Though the number of young people entering monasteries, convents, and the priesthood has drastically dropped from the mid-20th century, some new approaches to religious vocations have inspired some young people in America to embrace this idea, replenishing several of the older religious orders and filling new ones.
More at: Slate: A Monastic Kind of Life
You can also view a similar site to the ones referenced in the article at: www.carmelitemonks.org
Thanks to Mr. Dan Kennedy for sending us this article.
September 7th, 2008
The Vocations Boston web site has been updated with a video from Cardinal Sean O’Malley, offering a beautiful message about the promoting vocations and discerning God’s call in our lives. As the Cardinal says in the video, “Vocations are everybody’s business.”

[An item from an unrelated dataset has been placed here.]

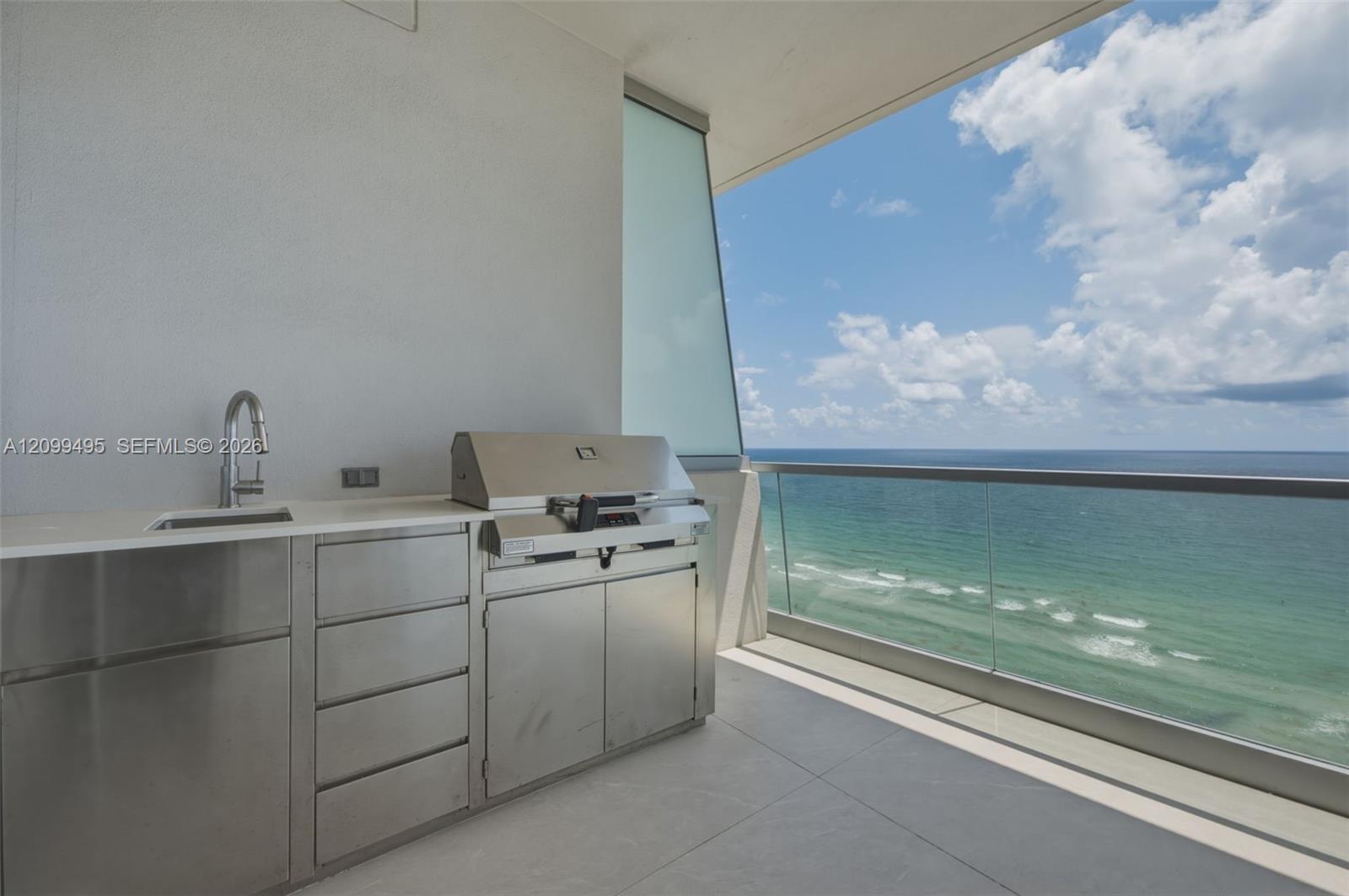 1404 4 / 6 3252 sq. ft. $ 2026-10-02 0 Photo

You can see the Cardinal’s video at: www.vocationsboston.org. Click on the “play” icon in the lower left corner of the web site to start playing the video.
July 16th, 2008
Chase Hilgenbrinck, defender for the New England Revolution, will enter the seminary:
When Chase Hilgenbrinck bounced from Chile to Colorado to New England this spring, his eyes were already on another path. Not toward another MLS club or Europe. Toward the priesthood.MLS fans might have been startled to read the New England Revolution’s announcement this week that the defender was ending his career in midseason to enter a seminary at Mount St. Mary’s in Maryland, but the decision wasn’t abrupt
Full article at USA Today: MLS player Hilgenbrinck has a new goal: priesthood
The USA Today blog offers Chase’s commentary on his calling:
Why?
Because I feel called. I’ve actually had my calling. I’ve been discerning this decision for several years now. I had a chance to go play professional soccer in Chile. For a long time, I felt called to something greater, and I didn’t know what it was. I thought maybe it was professional soccer. In playing soccer, I realized that wasn’t it. I continued searching.

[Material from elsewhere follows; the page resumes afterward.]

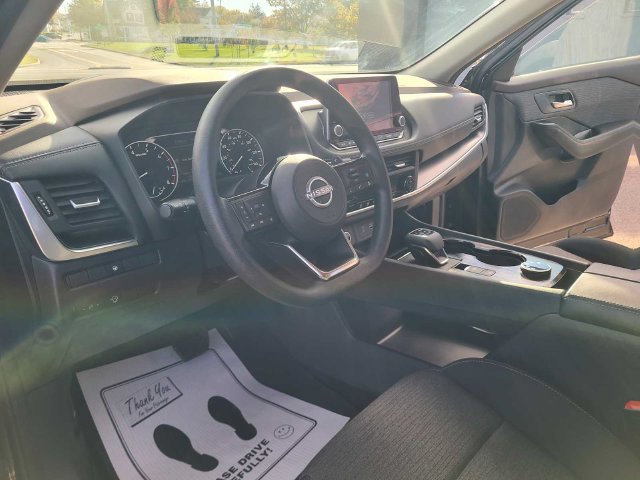 Used 2023 Nissan Rogue SV AWD/4WD image 13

Full blog at: From soccer to seminary
July 12th, 2008
As he did last week, Cardinal Sean has allowed one of the newly ordained priests for the Archdiocese of Boston to blog about his experience. This week, it’s Fr. Mark Barr, who serves at St. John the Baptist Parish in Quincy:
When first I began to seriously consider the priesthood, it seemed a nebulous and distant reality. I thought God was calling me to a priestly vocation and I wanted to pursue it, but I really had no idea who the priest is or what he does. I attended Mass regularly and Mass I understood. I could even see myself acting as a sacramental minister but I could not grasp what it would mean, for me, to actually be a priest the other twenty-three and a half hours of the day.

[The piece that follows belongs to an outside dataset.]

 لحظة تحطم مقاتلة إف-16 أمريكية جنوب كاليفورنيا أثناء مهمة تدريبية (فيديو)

Fr. Barr comments on the difference that attitude can make in a priest, reinforcing the need to support priests in their chosen vocations:
…a joyful priest is a better encourager of vocations than one who is very experienced, very skilled and able but angry or dour. It is not how good we are at our “job” that makes the priest a better priest, but how much we love. How much he loves, loves the people of God with Christ’s own pierced and Sacred Heart, the heart he receives in ordination, this is the measure of a priest. And this is not a distant or nebulous thing, but a real and good life, a life that ought to be pursued by all who are called, something that is concrete and doable.
The full essay is available on Cardinal Sean’s blog entry: ‘Quis Alter Christus Es’ (scroll about 1/5 down the page).
Thanks to Fr. Barr for sharing his experience and insight into the priesthood, and to Cardinal Sean for sharing his blog with the new ordinandi.